[[ Data provided, beginning ]]

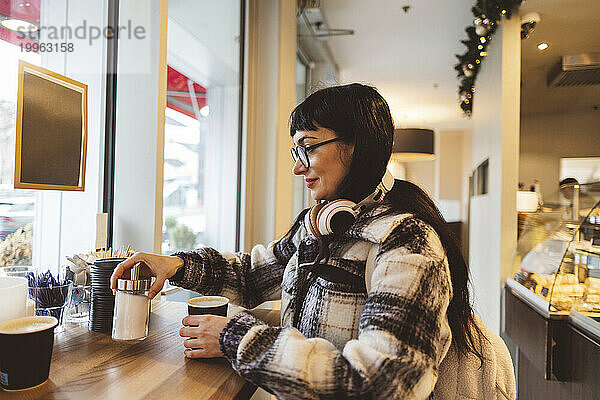 Frau trinkt Kaffee und steht im Café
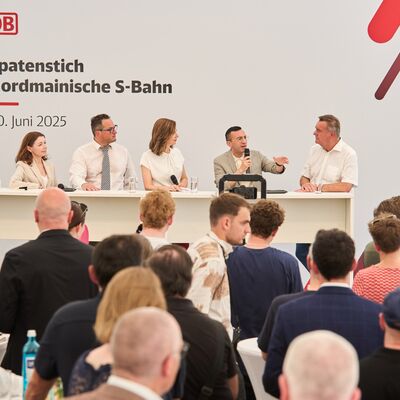 Fünf Menschen stehen auf einer Tribüne. Einer hat ein Mikrofon in der Hand.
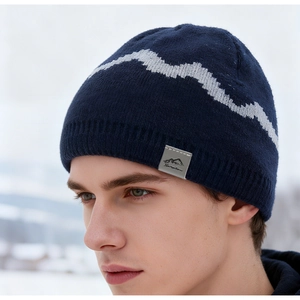 Close-up of navy knit beanie with gray mountain pattern and woven patch on a model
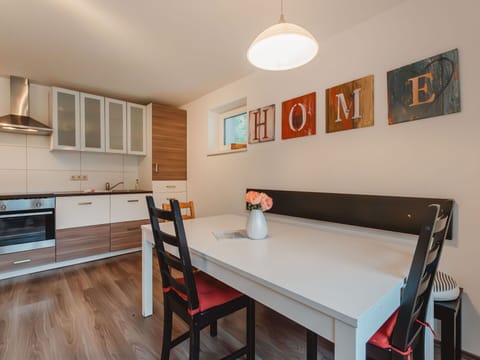 Property, Furniture, Cabinetry, Table, Countertop, Kitchen Appliance, Wood, Lighting, Interior Design, Chair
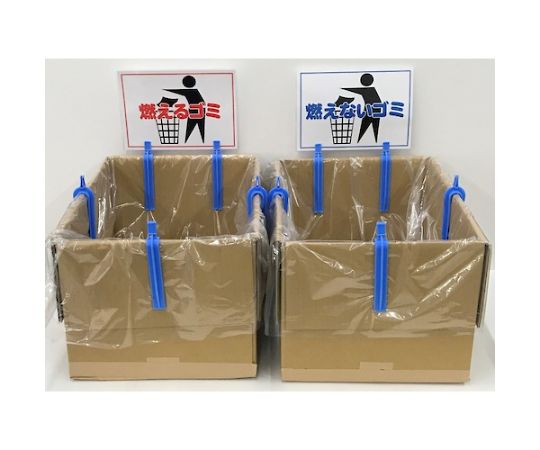 段ボールクリップ　50個入 白い箱に収められた多数のクリップが整然と並んでいる様子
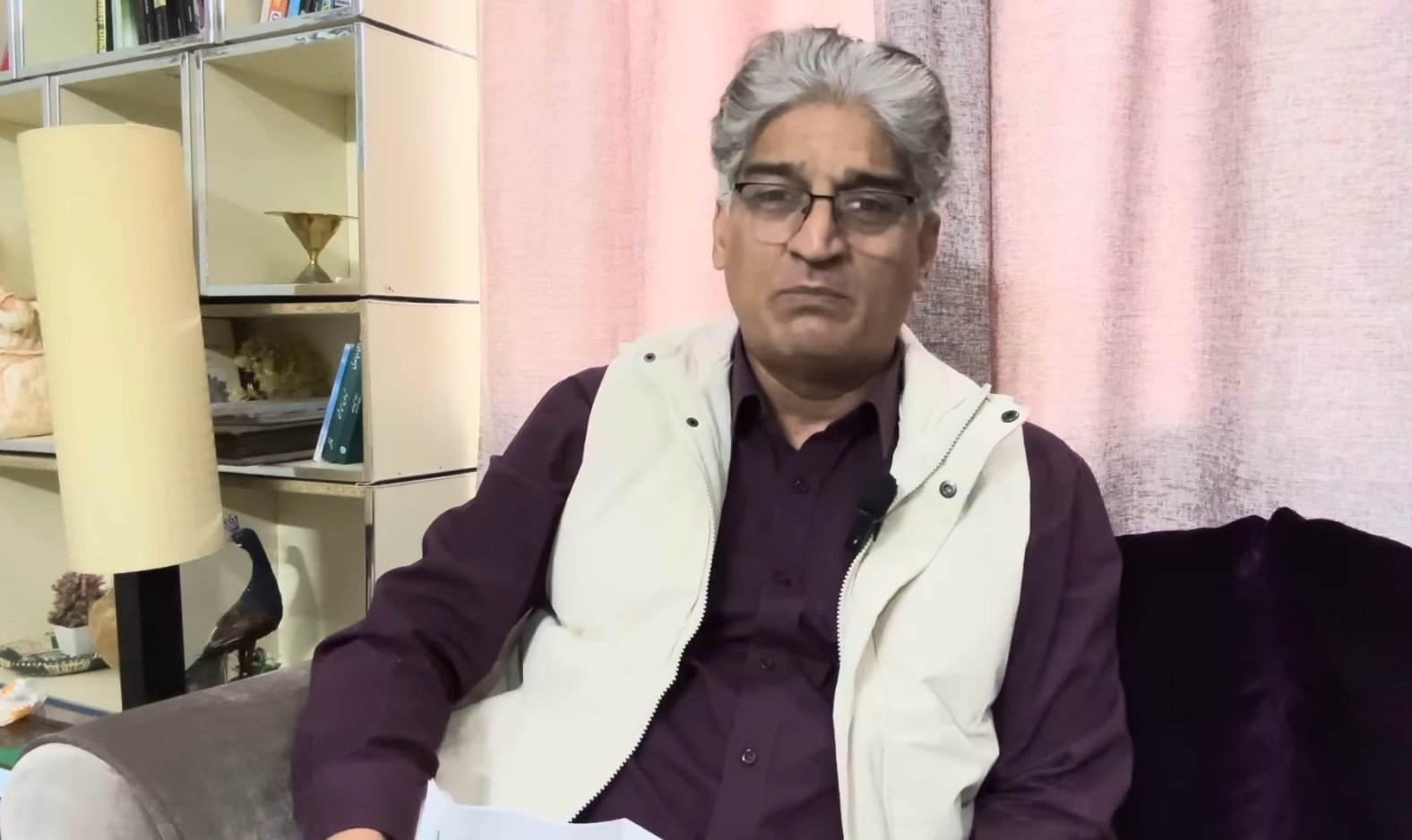 Senior journalist Matiullah Jan gestures during a video at his office in Islamabad on November 24, 2024. — Screengrab/ YouTube/ @MatiullahJanMJtv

[[ Data provided, end ]]

## Problem to solve:
Give the lines again word for word, from the start of the records to the line holding "Close-up of navy", both included, and leave out any picture.

## Reply:
 Frau trinkt Kaffee und steht im Café
 Fünf Menschen stehen auf einer Tribüne. Einer hat ein Mikrofon in der Hand.
 Close-up of navy knit beanie with gray mountain pattern and woven patch on a model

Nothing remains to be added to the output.